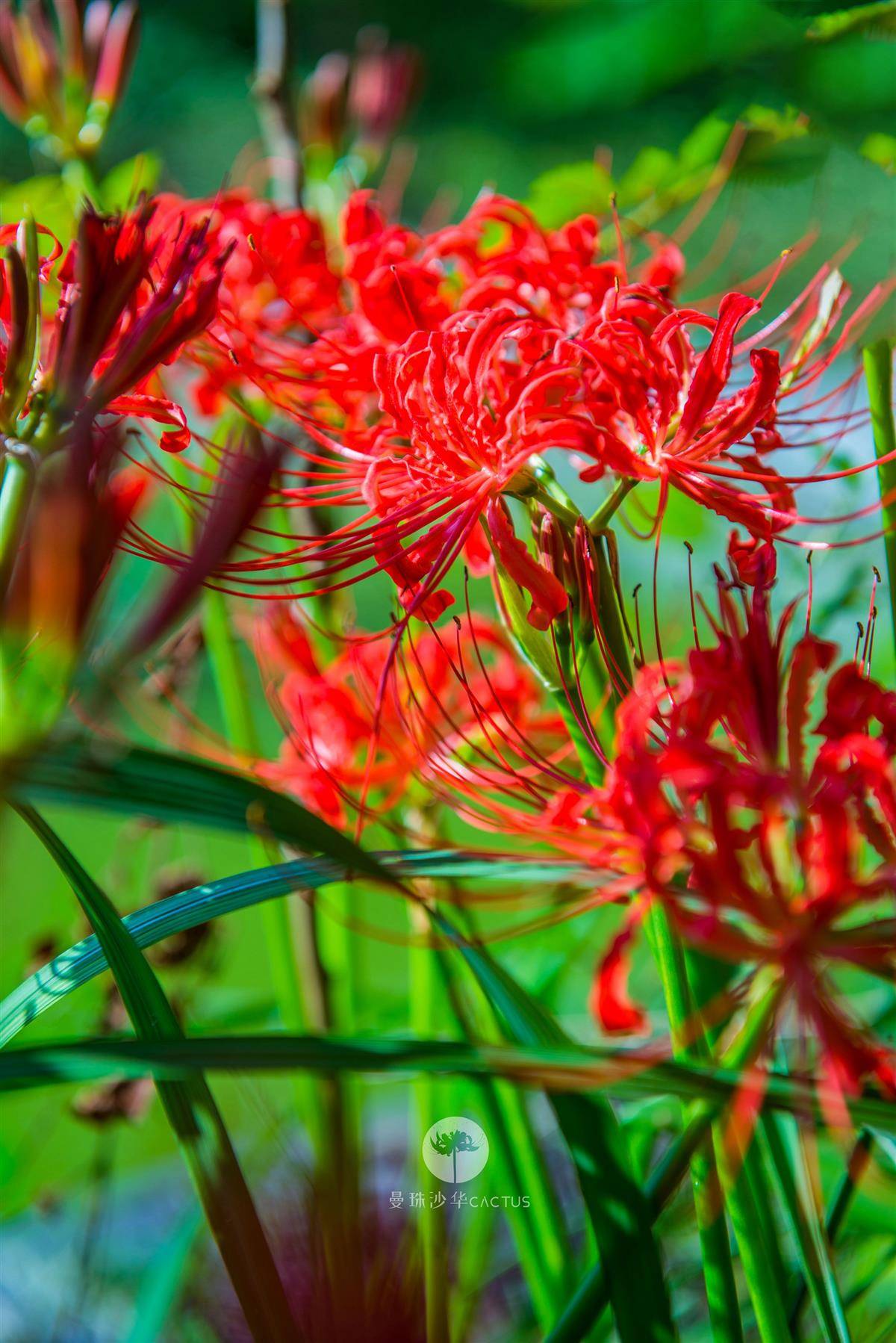 究竟是石蒜还是彼岸花这种火焰般美到爆的红色植物还有这些故事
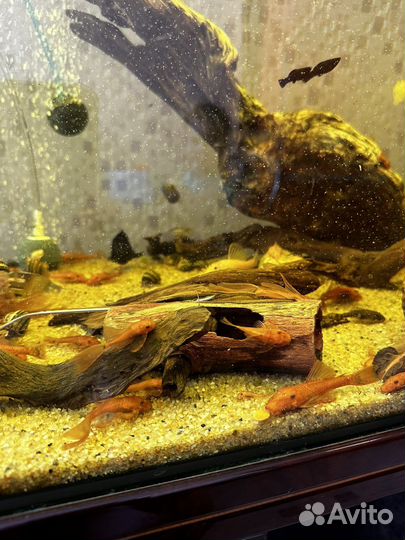 Анциструсы super ред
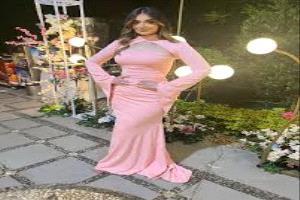 ملك زاهر تعلّق على غياب تامر حسني عن زفاف شقيقتها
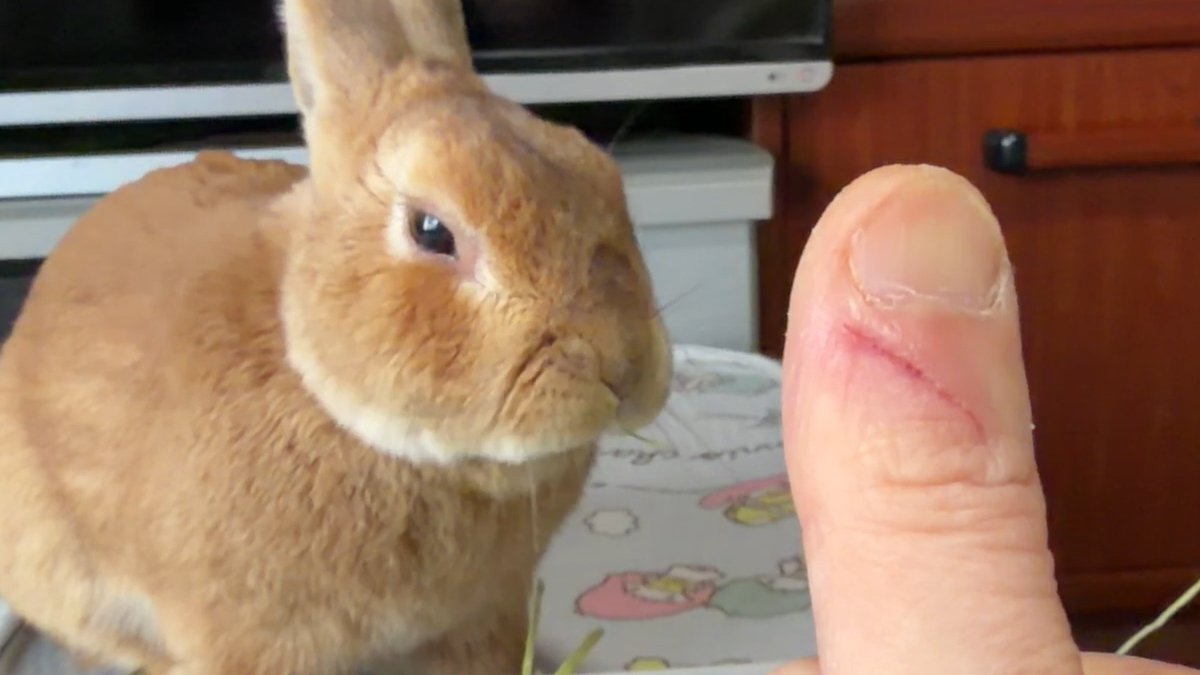 【危険】うさぎの歯はカミソリです。
動画はこちら⇒youtu.be/A5NmVcGPFkQ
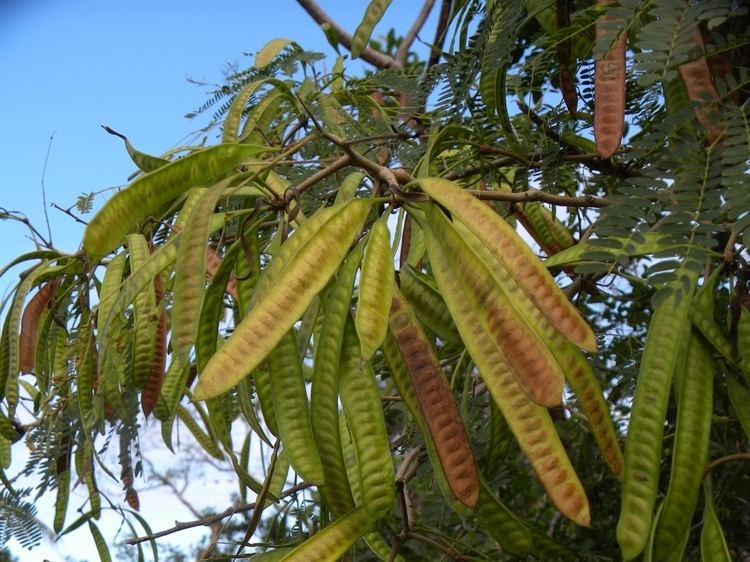 Leucaena leucocephala Leon Levy Native Plant Preserve Plant Listings Leucaena leucocephala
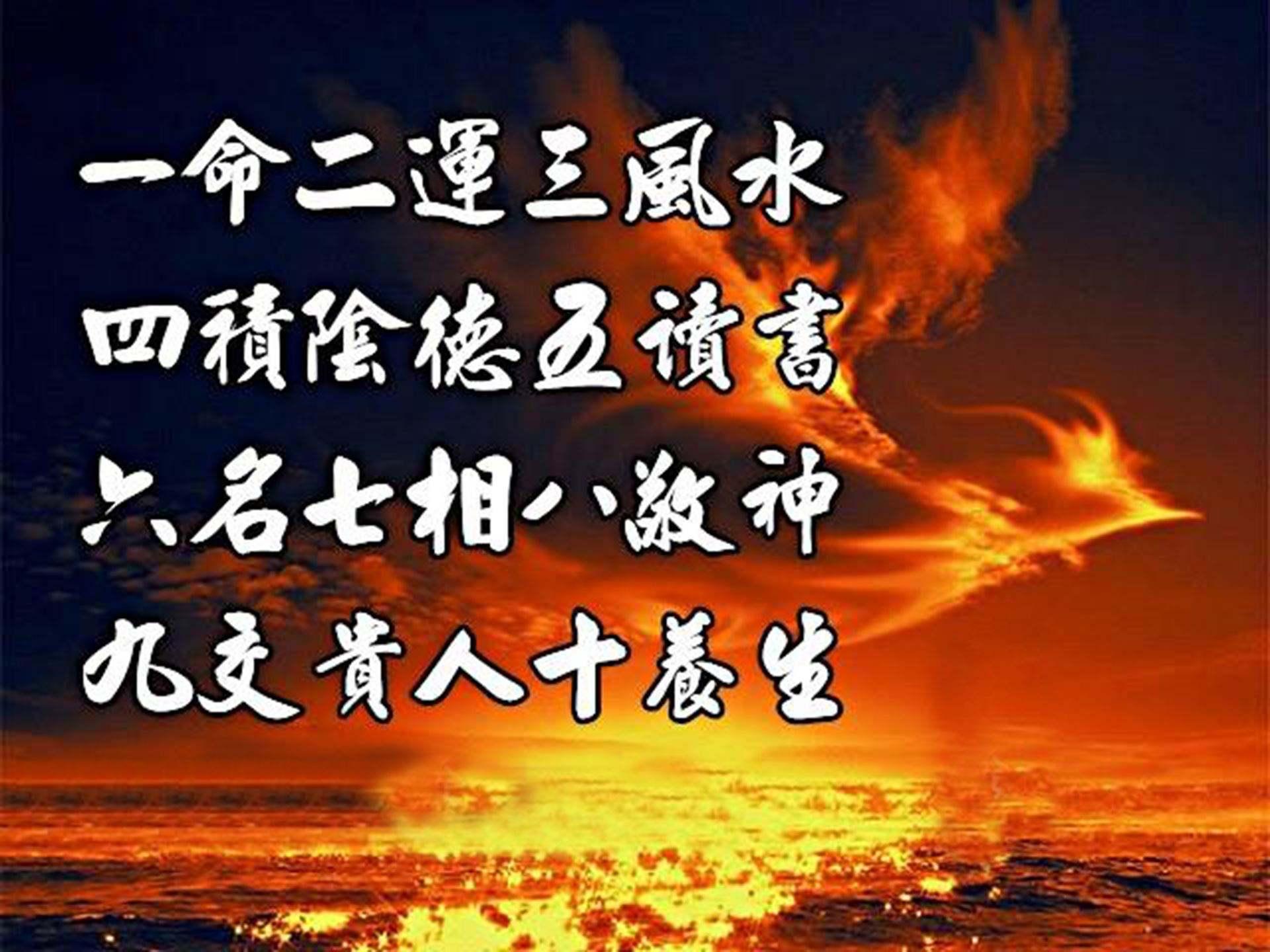 四肖八肖期期准资料精选,四肖八肖期期准资料精选，揭秘精准预测的秘密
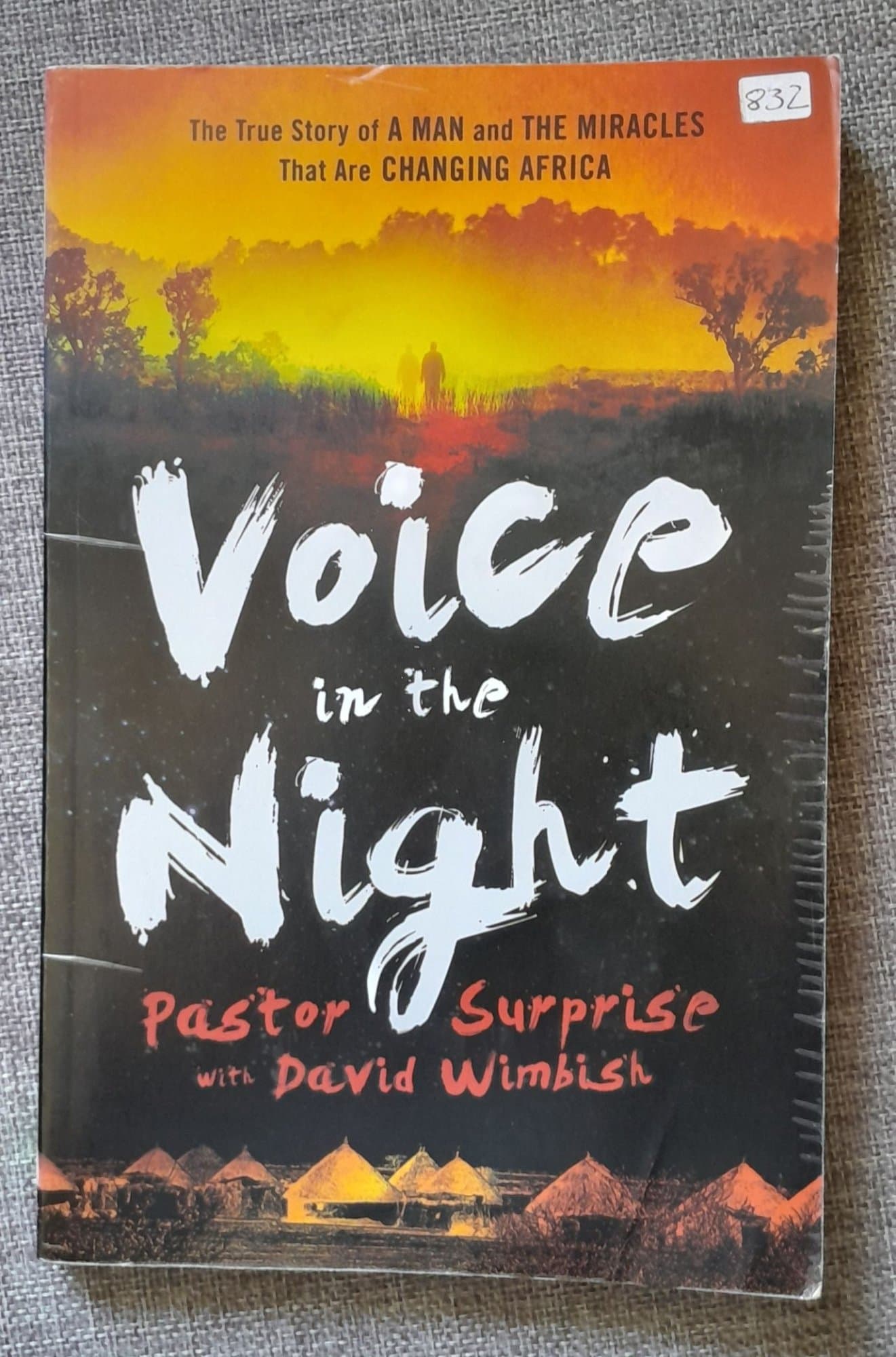 Voice in the night by Pastor Surprise and David Wimbish
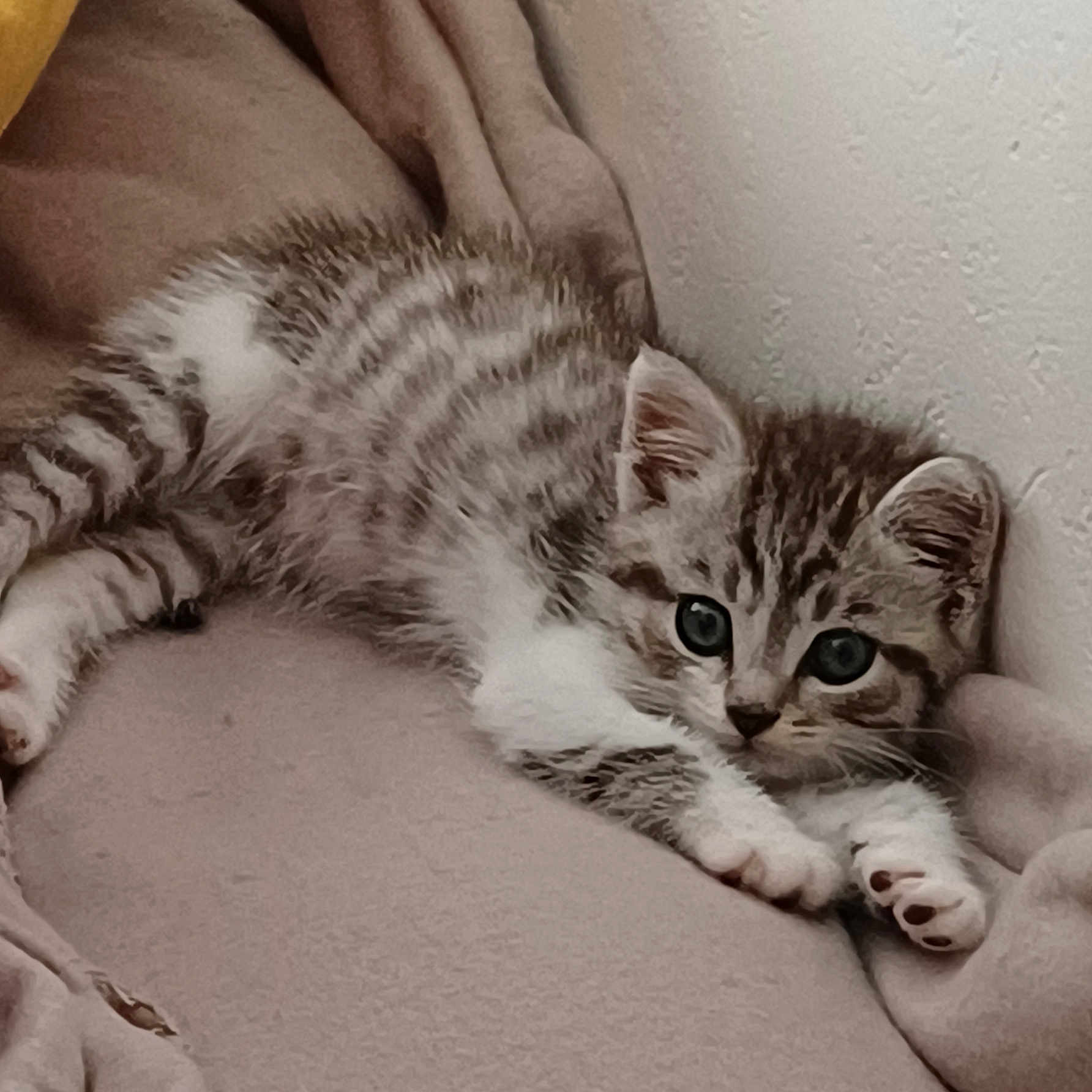 Bidouille a rejoint le concours — aidez-le/la à gagner de superbes lots ! kitten, cat, tabby, pet, animal, feline, cute, young, fur, whiskers, paws, ears, sleeping, resting, cozy, blanket, indoor, soft, curious, small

▬▬▬

• [YOUR OBJECTIVE]
Retype all the data exactly, please, without pictures.

• [WRITTEN SOLUTION]
 究竟是石蒜还是彼岸花这种火焰般美到爆的红色植物还有这些故事
 Анциструсы super ред
 ملك زاهر تعلّق على غياب تامر حسني عن زفاف شقيقتها
 【危険】うさぎの歯はカミソリです。
動画はこちら⇒youtu.be/A5NmVcGPFkQ
 Leucaena leucocephala Leon Levy Native Plant Preserve Plant Listings Leucaena leucocephala
 四肖八肖期期准资料精选,四肖八肖期期准资料精选，揭秘精准预测的秘密
 Voice in the night by Pastor Surprise and David Wimbish
 Bidouille a rejoint le concours — aidez-le/la à gagner de superbes lots ! kitten, cat, tabby, pet, animal, feline, cute, young, fur, whiskers, paws, ears, sleeping, resting, cozy, blanket, indoor, soft, curious, small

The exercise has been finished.